Take this unforgettable sequence, for example: A man goes into a rock club/bordello and engages a prostitute, who proceeds to service him orally. But the hooker happens to be an Engineer, who bites off the john’s, uh, John Thomas, turning the screaming dude into a human blood geyser! Keyman enters, and proceeds to power drill through the hapless guy’s leg. But the bloody john manages to shoot his way free, only to learn that the prostitute has transformed herself into a scurrying Venus flytrap of sorts! And don’t feel too badly for the emasculated customer; he soon returns as an Engineer himself, with a ghastly yard-long phallus … with a blasting gun at the end of it! Anyway, if this sounds like your cup of (very Red Zinger) tea, you might just have a bloody great time here; the film should prove to be absolute manna for all the gorehounds in the audience.
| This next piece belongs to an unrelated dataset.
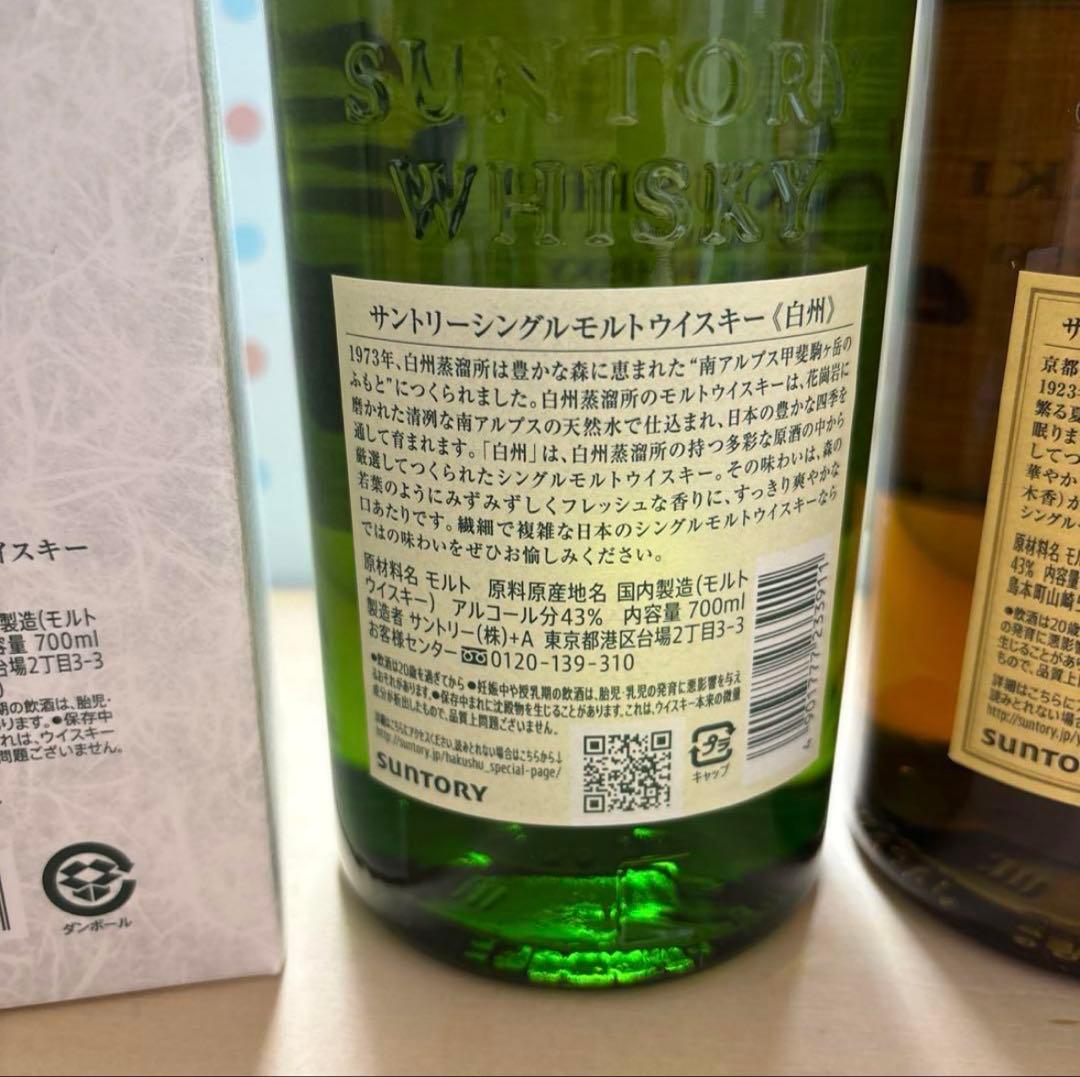 【新品】 SUNTORY 山崎12年＆白州 シングルモルトウイスキー ２本セット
Tokyo Gore Police, hemoglobin aside, is a remarkable film for many reasons. The movie is ultrastylish throughout, excitingly directed by first-timer Nishimura, features fantastic use of color (lots of reds, of course), and contains a vibrant, dynamic score by Koh Nakagawa. The film looks sleek and flashy; can it really have been shot in just two weeks, as a certain Wiki site proclaims? As mentioned, it is at times completely over the top (such as Ruka’s final fight, which is so very over the top that it practically blasts into orbit!), and sporadically dishes out bits of welcome humor (such as those TV ads for the Police Corp., the wrist cutters and the sword of Kohka) throughout.
Perhaps best of all, though, is Eihi herself. It really is quite incredible to witness this gorgeous woman impassively slicing her victims with chain saw and samurai sword. She is remarkably cool, totally unflappable in the face of unbelievable carnage, and looks fantastic dressed in white blouse, black tie, miniskirt, boots and trench coat (surely, a hotter-looking outfit than the Darth Vader getups that her fellow cops sport!). With less than a few dozen lines of dialogue, she easily steals the film, despite the amazing visuals surrounding her. I have not even mentioned the six-barreled “fist cannon” or the female freak with swords instead of arms and legs, but I think you begin to get the idea.
Tokyo Gore Police surely is some kind of fantastic, unforgettable package. And the film looks great in its present DVD incarnation, too, from the always dependable Media Blasters’ Tokyo Shock series. You know, I think I might be ready for Audition now. If I can make it through Tokyo Gore Police, I should be ready for just about anything!